Save the Redwoods League offered a photo contest this year, and my photo - attached - was selected as on of the finalists from over 500 submitted. The title is *Prairie Creek Redwoods State Park*. When voting became available, Save the Redwoods noted to get the word out. So if you're up to a vote of support for a tree guy's photo, Voting is open until August 12th at:

*Link* Redwood Photo Contest Finalists and Voting

So far, I'm holding 3rd place by a small margin.









View attachment 192975


----------



## Rudedog (Aug 4, 2011)

Done. But I still can't find the sweet naked chick in your photo. There is one..... right. I didn't just waste my vote did I. Where's Sthl Sawing when I need him. Seriously, good luck. I really liked your photo.


----------



## M.D. Vaden (Aug 4, 2011)

Rudedog said:


> Done. But I still can't find the sweet naked chick in your photo. There is one..... right. I didn't just waste my vote did I. Where's Sthl Sawing when I need him. Seriously, good luck.
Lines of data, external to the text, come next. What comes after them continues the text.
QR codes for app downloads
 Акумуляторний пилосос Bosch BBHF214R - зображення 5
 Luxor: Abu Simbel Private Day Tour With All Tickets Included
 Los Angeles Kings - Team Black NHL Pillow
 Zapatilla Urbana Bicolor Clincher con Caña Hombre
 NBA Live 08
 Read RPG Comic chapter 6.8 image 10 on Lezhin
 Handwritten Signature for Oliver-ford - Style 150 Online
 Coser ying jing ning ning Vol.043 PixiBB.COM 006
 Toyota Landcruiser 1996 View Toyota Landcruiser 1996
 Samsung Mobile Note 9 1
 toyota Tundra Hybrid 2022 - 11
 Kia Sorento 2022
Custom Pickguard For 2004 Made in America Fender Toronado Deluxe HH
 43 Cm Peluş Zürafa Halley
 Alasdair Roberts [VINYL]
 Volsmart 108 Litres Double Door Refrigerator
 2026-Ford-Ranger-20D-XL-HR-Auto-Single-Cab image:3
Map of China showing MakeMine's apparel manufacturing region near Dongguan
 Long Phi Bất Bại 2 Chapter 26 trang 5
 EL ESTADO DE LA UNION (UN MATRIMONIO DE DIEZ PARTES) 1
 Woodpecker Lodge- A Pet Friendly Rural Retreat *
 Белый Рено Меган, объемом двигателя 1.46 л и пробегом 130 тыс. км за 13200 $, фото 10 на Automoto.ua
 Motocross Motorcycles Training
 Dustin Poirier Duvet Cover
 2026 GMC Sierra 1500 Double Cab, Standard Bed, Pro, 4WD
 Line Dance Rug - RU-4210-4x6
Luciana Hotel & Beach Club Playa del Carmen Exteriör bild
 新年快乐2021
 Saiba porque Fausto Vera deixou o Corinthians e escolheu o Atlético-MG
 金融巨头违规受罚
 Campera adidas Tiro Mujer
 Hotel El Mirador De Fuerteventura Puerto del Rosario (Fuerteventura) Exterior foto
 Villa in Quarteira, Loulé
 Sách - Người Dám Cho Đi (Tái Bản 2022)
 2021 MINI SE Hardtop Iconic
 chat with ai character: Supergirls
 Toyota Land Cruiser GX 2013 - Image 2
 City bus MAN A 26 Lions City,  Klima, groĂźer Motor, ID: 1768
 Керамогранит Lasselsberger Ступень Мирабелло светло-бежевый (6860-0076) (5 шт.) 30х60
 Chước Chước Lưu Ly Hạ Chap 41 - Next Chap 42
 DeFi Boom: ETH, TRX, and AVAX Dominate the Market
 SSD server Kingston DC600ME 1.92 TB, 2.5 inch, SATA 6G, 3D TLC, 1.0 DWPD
I really liked your photo.



Big park - there's got to be at least one woman down there somewhere - LOL

Actually, after a few replies lengthen this thread, I do have one photo that may offer some amusement.

Cheers !!

:msp_smile:


----------



## M.D. Vaden (Aug 8, 2011)

@Rudedog ...

Here is one with a women at least. 

This is the tallest known Hemlock, discovered about 1 hour before taking the first redwood photo I posted. She's actually a climber, but that's not why she was in the park. She is with Archangel Ancient Tree Archive, and they were in the park that weekend taking video of scenery there.


----------



## Rudedog (Aug 8, 2011)

Wow. That thing is HUGE!


----------



## M.D. Vaden (Aug 8, 2011)

Rudedog said:


> Wow. That thing is HUGE!


 

It's 272 feet tall and relatively straight top to bottom. Because of the height, it comes almost within 10 points of being a National co-champion. There are presently 2 Western Hemlocks that are co-champions. So if this tree were a half foot wider at the base or 11 feet taller, there would have been a triple co-champion scenerio.

Either way, it's a gorgeous looking trunk.

The lighting is among the hardest I've seen to photograph the upper part of the Hemlock. But here's a generic stitch of a bunch of frames showing the upper trunk. From a distance, it only seems to look like 2 foot diameter trunk because the height is so extreme.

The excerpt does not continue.